---------- RECORDS SUPPLIED

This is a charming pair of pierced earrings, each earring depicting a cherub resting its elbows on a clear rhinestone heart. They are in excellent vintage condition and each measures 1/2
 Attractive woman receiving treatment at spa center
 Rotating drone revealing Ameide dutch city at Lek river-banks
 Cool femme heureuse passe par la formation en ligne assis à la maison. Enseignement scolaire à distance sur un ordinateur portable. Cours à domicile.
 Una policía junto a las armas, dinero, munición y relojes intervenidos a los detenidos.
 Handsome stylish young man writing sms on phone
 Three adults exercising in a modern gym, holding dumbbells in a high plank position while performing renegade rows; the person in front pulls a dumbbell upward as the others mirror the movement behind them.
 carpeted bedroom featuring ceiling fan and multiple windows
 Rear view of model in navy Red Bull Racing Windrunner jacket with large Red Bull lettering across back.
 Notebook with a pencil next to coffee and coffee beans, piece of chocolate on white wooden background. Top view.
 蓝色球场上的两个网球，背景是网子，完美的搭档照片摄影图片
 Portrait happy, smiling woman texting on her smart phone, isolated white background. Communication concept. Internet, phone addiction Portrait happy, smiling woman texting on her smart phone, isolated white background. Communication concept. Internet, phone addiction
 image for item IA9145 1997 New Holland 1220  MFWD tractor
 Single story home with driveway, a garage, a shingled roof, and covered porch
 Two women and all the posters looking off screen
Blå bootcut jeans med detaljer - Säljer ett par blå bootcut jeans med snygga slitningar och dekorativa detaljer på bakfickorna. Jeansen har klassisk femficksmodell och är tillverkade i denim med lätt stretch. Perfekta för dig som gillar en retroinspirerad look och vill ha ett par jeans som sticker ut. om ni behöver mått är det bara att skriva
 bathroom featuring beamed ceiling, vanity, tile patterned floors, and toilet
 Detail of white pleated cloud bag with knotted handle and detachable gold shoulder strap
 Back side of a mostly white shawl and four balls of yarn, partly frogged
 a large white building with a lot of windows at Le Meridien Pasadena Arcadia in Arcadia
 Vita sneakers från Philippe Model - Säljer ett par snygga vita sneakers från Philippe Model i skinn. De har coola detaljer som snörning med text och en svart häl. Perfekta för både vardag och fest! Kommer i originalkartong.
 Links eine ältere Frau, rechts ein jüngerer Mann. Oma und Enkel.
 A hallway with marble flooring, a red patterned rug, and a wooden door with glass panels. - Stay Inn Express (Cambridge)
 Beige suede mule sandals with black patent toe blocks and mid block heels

--------------------

▸ **WHAT TO DO**
Write all the entries out again exactly as they are.

▸ **SOLUTION FOR THIS PROBLEM**
This is a charming pair of pierced earrings, each earring depicting a cherub resting its elbows on a clear rhinestone heart. They are in excellent vintage condition and each measures 1/2
 Attractive woman receiving treatment at spa center
 Rotating drone revealing Ameide dutch city at Lek river-banks
 Cool femme heureuse passe par la formation en ligne assis à la maison. Enseignement scolaire à distance sur un ordinateur portable. Cours à domicile.
 Una policía junto a las armas, dinero, munición y relojes intervenidos a los detenidos.
 Handsome stylish young man writing sms on phone
 Three adults exercising in a modern gym, holding dumbbells in a high plank position while performing renegade rows; the person in front pulls a dumbbell upward as the others mirror the movement behind them.
 carpeted bedroom featuring ceiling fan and multiple windows
 Rear view of model in navy Red Bull Racing Windrunner jacket with large Red Bull lettering across back.
 Notebook with a pencil next to coffee and coffee beans, piece of chocolate on white wooden background. Top view.
 蓝色球场上的两个网球，背景是网子，完美的搭档照片摄影图片
 Portrait happy, smiling woman texting on her smart phone, isolated white background. Communication concept. Internet, phone addiction Portrait happy, smiling woman texting on her smart phone, isolated white background. Communication concept. Internet, phone addiction
 image for item IA9145 1997 New Holland 1220  MFWD tractor
 Single story home with driveway, a garage, a shingled roof, and covered porch
 Two women and all the posters looking off screen
Blå bootcut jeans med detaljer - Säljer ett par blå bootcut jeans med snygga slitningar och dekorativa detaljer på bakfickorna. Jeansen har klassisk femficksmodell och är tillverkade i denim med lätt stretch. Perfekta för dig som gillar en retroinspirerad look och vill ha ett par jeans som sticker ut. om ni behöver mått är det bara att skriva
 bathroom featuring beamed ceiling, vanity, tile patterned floors, and toilet
 Detail of white pleated cloud bag with knotted handle and detachable gold shoulder strap
 Back side of a mostly white shawl and four balls of yarn, partly frogged
 a large white building with a lot of windows at Le Meridien Pasadena Arcadia in Arcadia
 Vita sneakers från Philippe Model - Säljer ett par snygga vita sneakers från Philippe Model i skinn. De har coola detaljer som snörning med text och en svart häl. Perfekta för både vardag och fest! Kommer i originalkartong.
 Links eine ältere Frau, rechts ein jüngerer Mann. Oma und Enkel.
 A hallway with marble flooring, a red patterned rug, and a wooden door with glass panels. - Stay Inn Express (Cambridge)
 Beige suede mule sandals with black patent toe blocks and mid block heels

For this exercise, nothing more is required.